Exercise => From the data below, copy exactly the lines that lie between the one holding "Car on street against buildings" and the one holding "A bathroom counter", including both, and nothing more.

Information =>
===============
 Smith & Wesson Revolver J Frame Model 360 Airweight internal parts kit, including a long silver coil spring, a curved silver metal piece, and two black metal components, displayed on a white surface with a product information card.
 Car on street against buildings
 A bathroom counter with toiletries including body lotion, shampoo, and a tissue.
===============
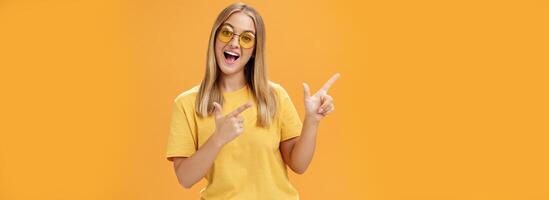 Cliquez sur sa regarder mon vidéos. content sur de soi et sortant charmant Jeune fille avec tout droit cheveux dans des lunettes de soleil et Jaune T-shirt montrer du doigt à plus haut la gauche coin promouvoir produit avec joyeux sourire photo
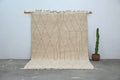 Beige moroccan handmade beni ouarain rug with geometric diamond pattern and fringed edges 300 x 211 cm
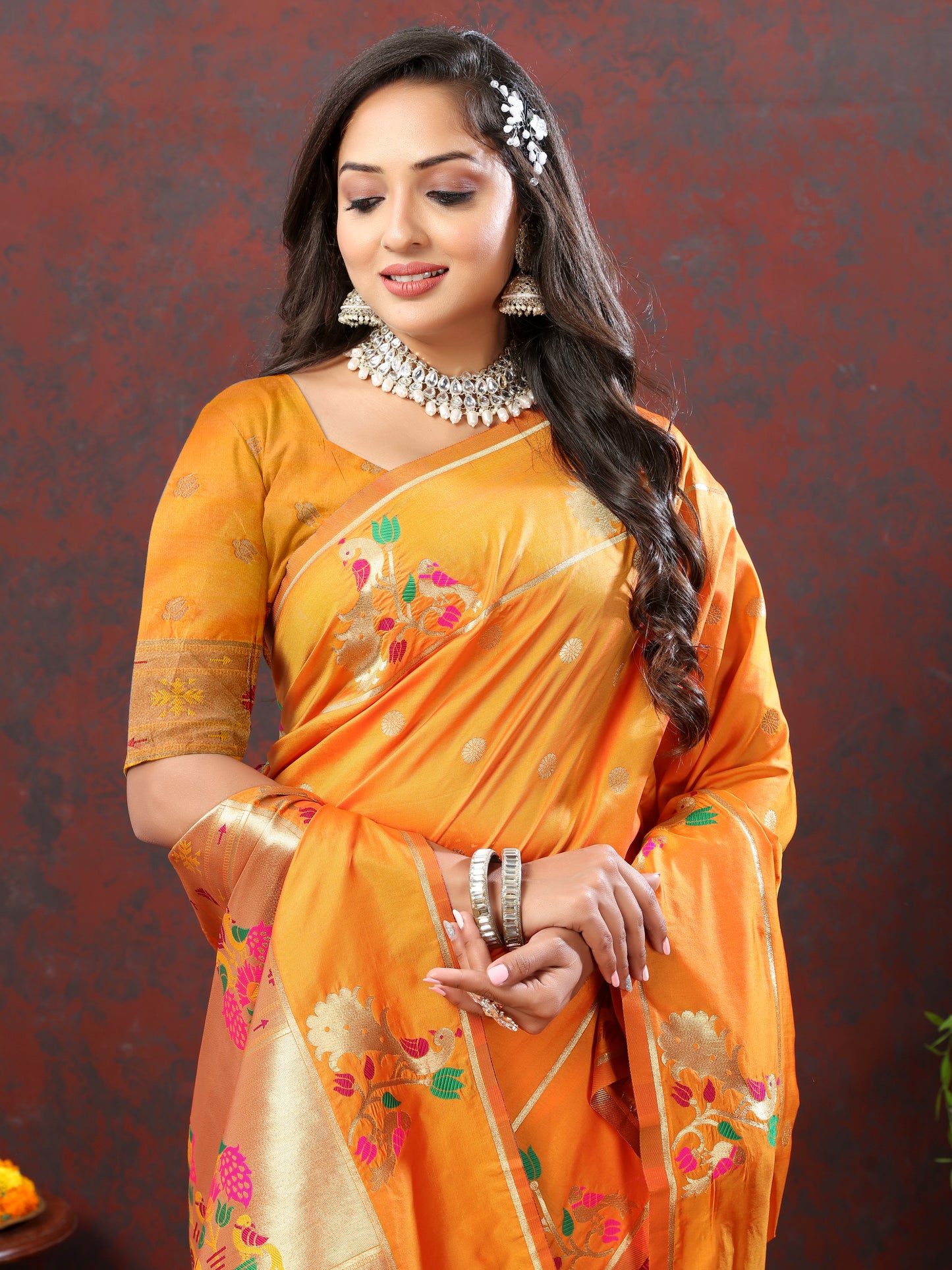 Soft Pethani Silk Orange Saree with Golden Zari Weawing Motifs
===============
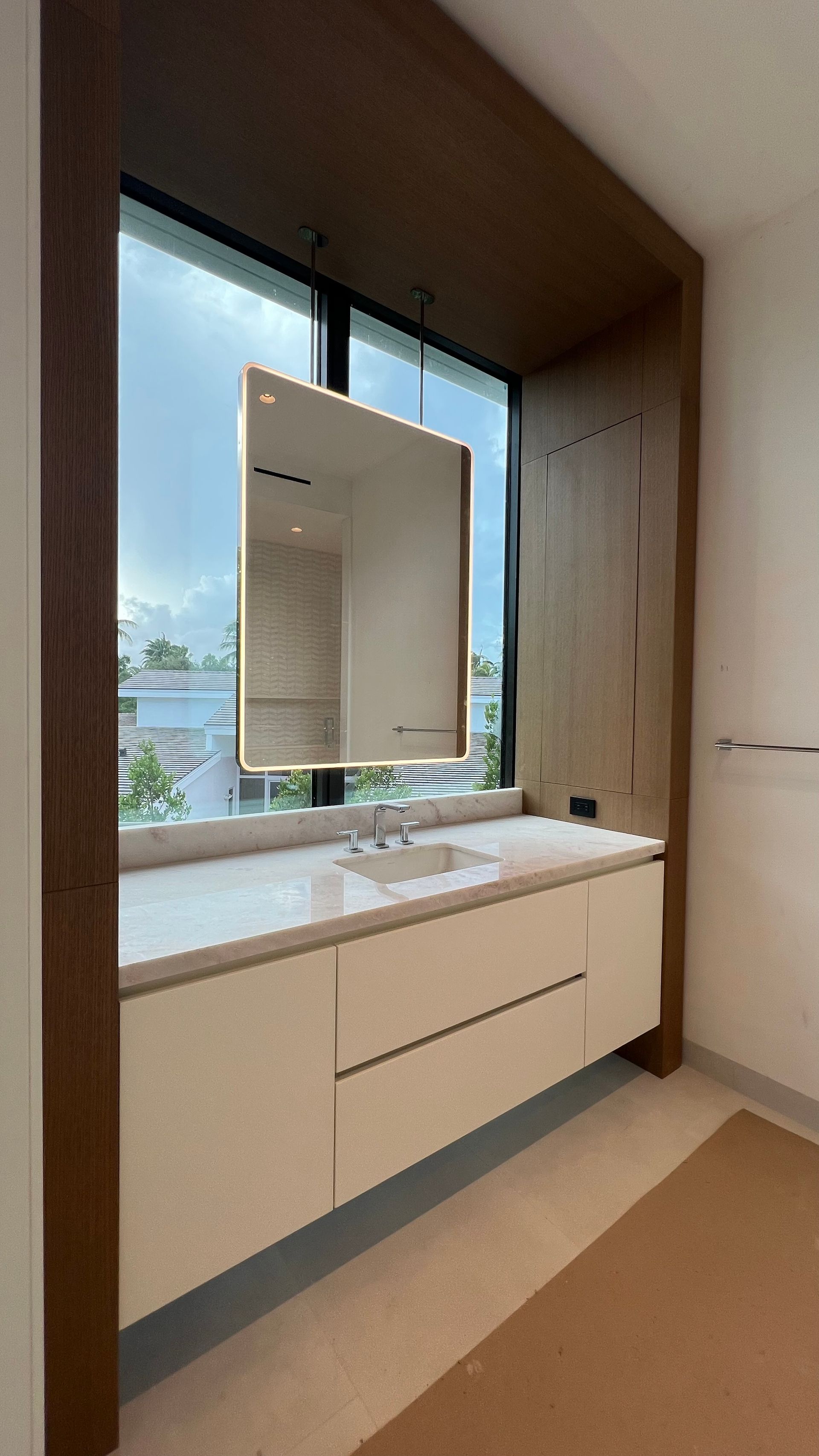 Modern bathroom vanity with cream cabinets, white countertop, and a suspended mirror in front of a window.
===============
Exercise result =>
 Car on street against buildings
 A bathroom counter with toiletries including body lotion, shampoo, and a tissue.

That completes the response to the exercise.